[Excerpts from a dataset]
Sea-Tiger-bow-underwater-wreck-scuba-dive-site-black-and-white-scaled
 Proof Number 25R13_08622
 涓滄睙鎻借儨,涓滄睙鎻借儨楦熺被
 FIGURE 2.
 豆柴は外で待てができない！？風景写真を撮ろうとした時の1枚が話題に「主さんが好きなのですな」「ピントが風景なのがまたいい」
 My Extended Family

§ About this task:
Retype each entry without altering a single word.

§ Answer:
Sea-Tiger-bow-underwater-wreck-scuba-dive-site-black-and-white-scaled
 Proof Number 25R13_08622
 涓滄睙鎻借儨,涓滄睙鎻借儨楦熺被
 FIGURE 2.
 豆柴は外で待てができない！？風景写真を撮ろうとした時の1枚が話題に「主さんが好きなのですな」「ピントが風景なのがまたいい」
 My Extended Family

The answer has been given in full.